With household names such as Coast and House of Fraser hitting the headlines for insolvency, it is clear the 2018 has been a tough year for retail.
The struggles of the UK high street are often attributed to the rise of online shopping, with international heavy-weights such as Amazon often bearing the brunt of the blame. While the increase in online shopping is certainly a factor, there is also scope for technology to reinvigorate retail.
Of course, the success of online retailers is, in part, due to their ability to gather consumer data, analyse it and use it for targeted marketing – all at record speeds.
However, this is not to say that data analytics has no place on the physical high street. Sensors instore can be used to log where customers go while inside the shop and identify what items the customer is looking at and record which items are eventually purchased.
Stores can use this data to identify which marketing campaigns are most effective and use this to inform future campaigns and update the layouts inside shops. Additionally, data collected can be used to show which trial products are successful and should be ordered in bulk.
Virtual Reality and Augmented Reality
Many fashion brands are experimenting with how technology can enhance instore experience.
YSL utilises Google Glass technology to offer customers a personalised recording which shows how the YSL makeup artist applied the makeup to the customer’s face during the instore tutorial. Customers can replay the recording of the tutorial to see exactly how the artist applied eyeliner or blusher.
Dior has also launched its own virtual reality headset, Dior Eyes, which transports customers to the backstage of a Dior fashion show. This technology is available in Dior flagship stores and offers shoppers an added incentive to visit.
One further example which could be implemented in many retail stores is smart mirrors. Smart mirrors can enhance the instore experience as they are able to take photos of different outfits for users to compare side by side in the changing rooms. Similarly, smart mirrors can show the customer the same garment but in a different colour.

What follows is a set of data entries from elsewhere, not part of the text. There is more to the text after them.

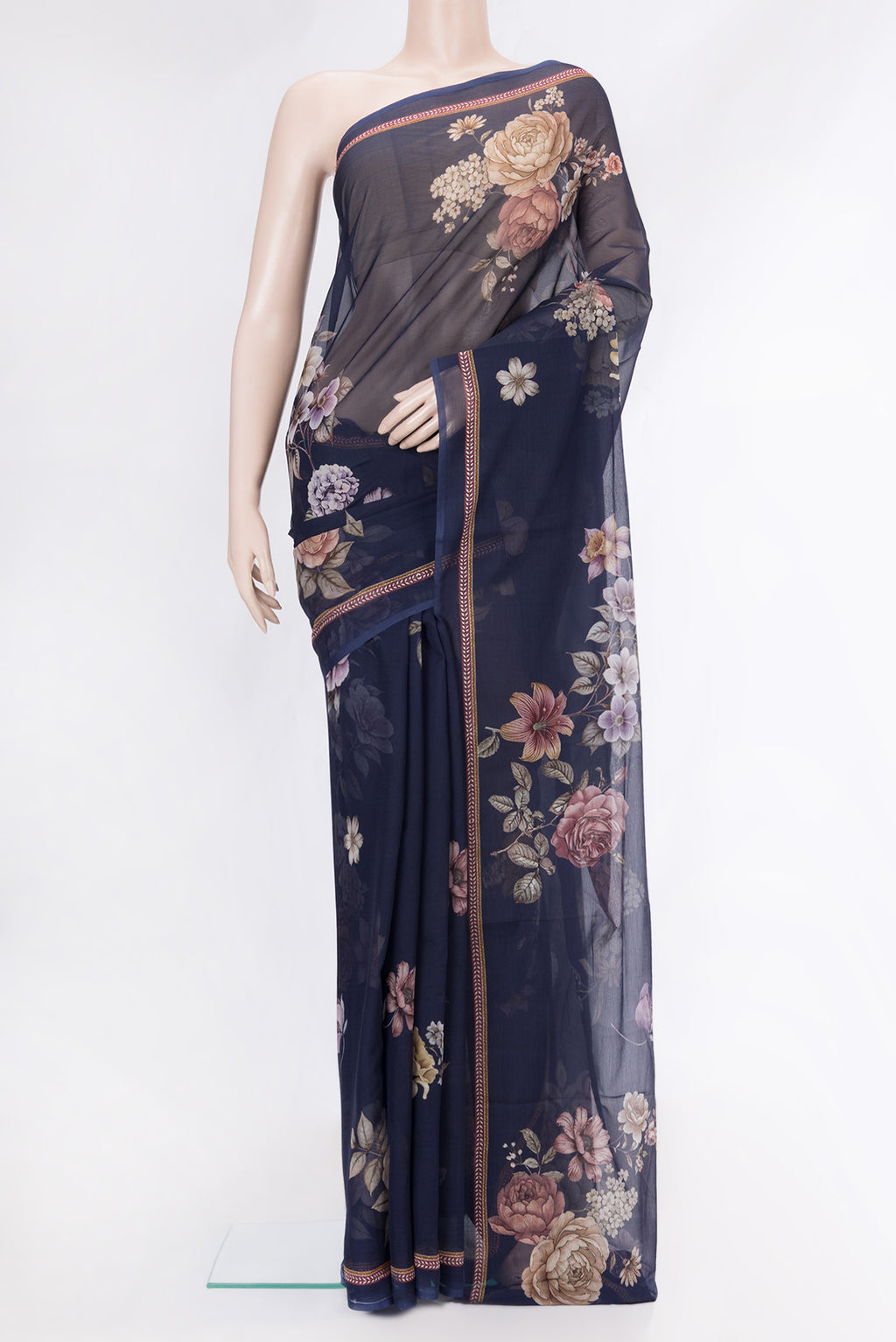 Navy Blue Mysore Chiffon Saree with Floral Print on the body and Plain Border.  displayed on a mannequin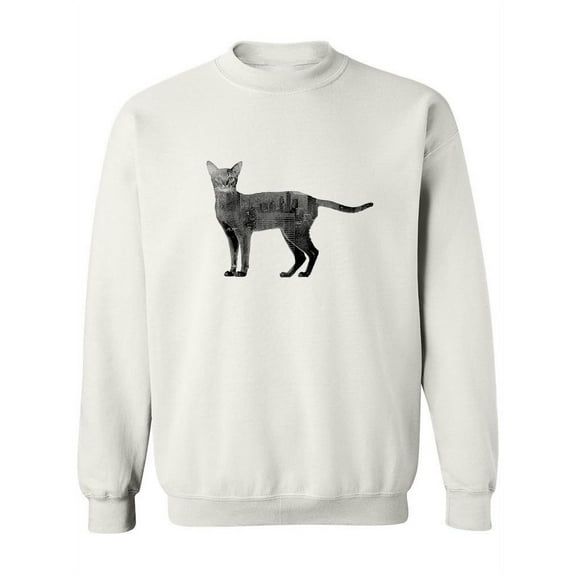 Abyssinian Cat Cityscape Texture Sweatshirt Women -Image by Shutterstock, Female Small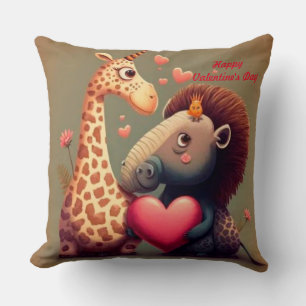 Valentine's hippo cartoon custom throw pillow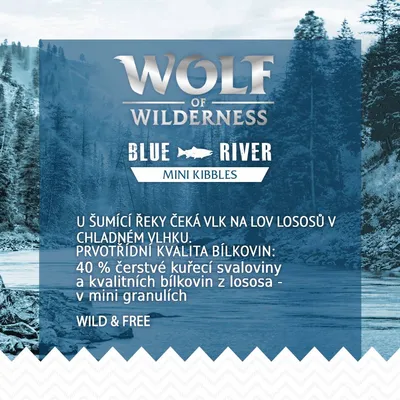 Wolf of Wilderness Blue River Mini Kibbles. 40 % čerstvé kuřecí svaloviny a kvalitních bílkovin z lososa v mini granulích. Wild & Free.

When combined with data analytics, smart mirrors could show how often customers see a garment but then seek to alter the colour. This data could also inform retail buyers about which products to buy and also show where certain products should be distributed.
Although some critics may argue that the appeal of VR and AR in fashion retail will remain a gimmick, blending online and offline shopping can offer customers an exciting experience, which could offer retail stores a unique selling point.
Can Tech Really Help the High Street?
This article has identified just some of the ways in which technological developments can be utilised to improve the instore experience for consumers. The current climate for retail stores is extremely challenging, however adapting and integrating the online and offline experience may also offer some exciting solutions to retailers.
As the prevalence and availability of technologies such as VR, AR and data analytics improves, so will the scope and quality of the options available to retail stores.